Robert Townsend of the American Academy of Arts & Sciences plans Hill visits with LeaMarie Herron, West Virginia University.

Luckily for a novice like myself, the NHA prepares would-be advocates the day before, with a day of presentations about the usefulness of the humanities and the challenges the field faces. The 2015 annual meeting featured Scott Jaschik, who was a history major as an undergraduate and is now editor of Inside Higher Ed, and William “Bro” Adams, chairman of the National Endowment for the Humanities, as well as an array of humanists inside and outside the academy. One highlight was a preview of an interactive map of local humanities activities, which will be produced by the Humanities Working Groups for Community Impact, a new joint initiative by the NHA and the Federation of State Humanities Councils.

At the conclusion of the presentations, attendees split into delegations to plan their Hill visits the next day.

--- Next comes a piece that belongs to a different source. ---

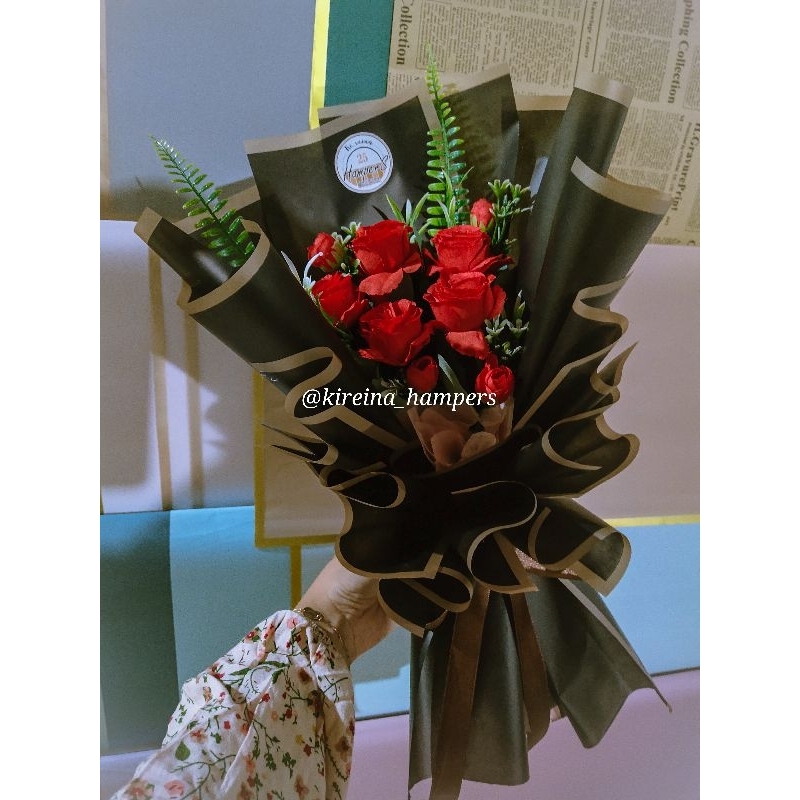 Buket bunga mawar merah artificial / buket bunga mawar murah / buket bunga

In our case, that involved reviewing information provided by the NHA about the members assigned to us—the committees they belonged to, their votes on previous legislation involving the NEH—as well as the members of congressional staff with whom we were scheduled to meet. In addition, we reviewed online talking points about where NEH funds had been spent. Another interesting thing I learned is that lists of NEH grantees are available online and can be sorted into congressional districts.2

During visits with congressional staff, I made several observations. First, I was reminded of how integral history is to public understandings of the humanities, and how efforts to capture a local community’s history can be a powerful statement for the usefulness of humanities disciplines overall. For example, Chronicling America is a partnership between the NEH and the Library of Congress that is digitizing (and making searchable) local newspapers across the country. So far, the program has produced nearly a million pages of digitized text, covering the years between 1836 and 1922.3 Projects such as this are integral to the work of academic researchers, but they arguably hold even more significance for local classrooms and communities; their importance is easily understood by a wide variety of community members.

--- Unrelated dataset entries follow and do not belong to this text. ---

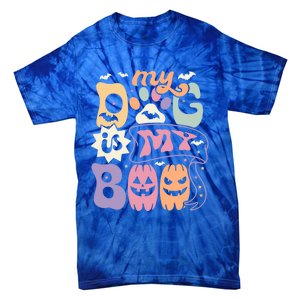 Retro My Dog Is My Boo Funny Dog Mom Pet Lovers Halloween Gift Tie-Dye T-Shirt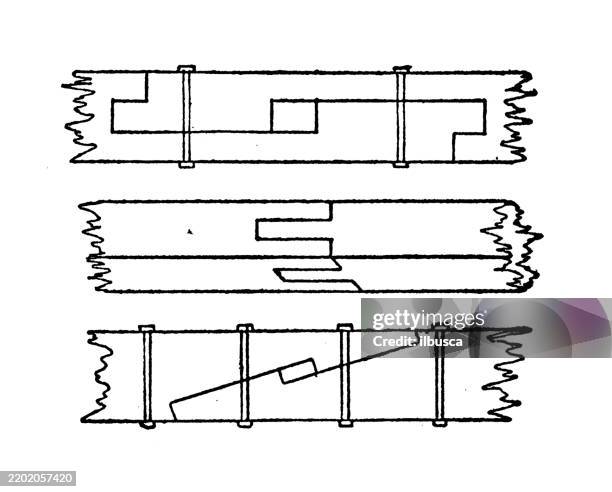 scarf joints - timber building frame stock illustrations
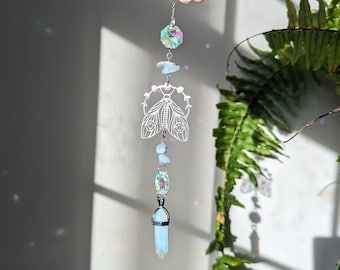 silver moth opal aquamarine crystal suncatcher, window prism, birthday gift for her, rainbow maker, crystal sun catcher, mothers day gift,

I was also struck, however, by how the Advocacy Day experience seemed less alien than I had anticipated. Prior to the visits, we had been told by NHA staff to remember that visits to Congress were just like any other meetings. This was correct, though I would add that they are likely to be shorter than many other meetings I’ve attended. I also found, however, that the experience of teaching seminars lent a feeling of familiarity to the discussion of issues around a (very) small table. While I did not feel entirely out of my element, the experience reiterated the importance of the four skills identified through the AHA’s Career Diversity for Historians initiative:4

  1. communication to a variety of audiences (staff with various levels of familiarity with humanities funding) and in a variety of media (talking points, briefing memos);
  2. collaboration, especially with those who hold a different worldview (we met with staff representing members across the political spectrum);
  3. quantitative literacy (we were talking funding and budgets, after all);
  4. intellectual self-confidence (the location and type of discussion was beyond my usual experiences).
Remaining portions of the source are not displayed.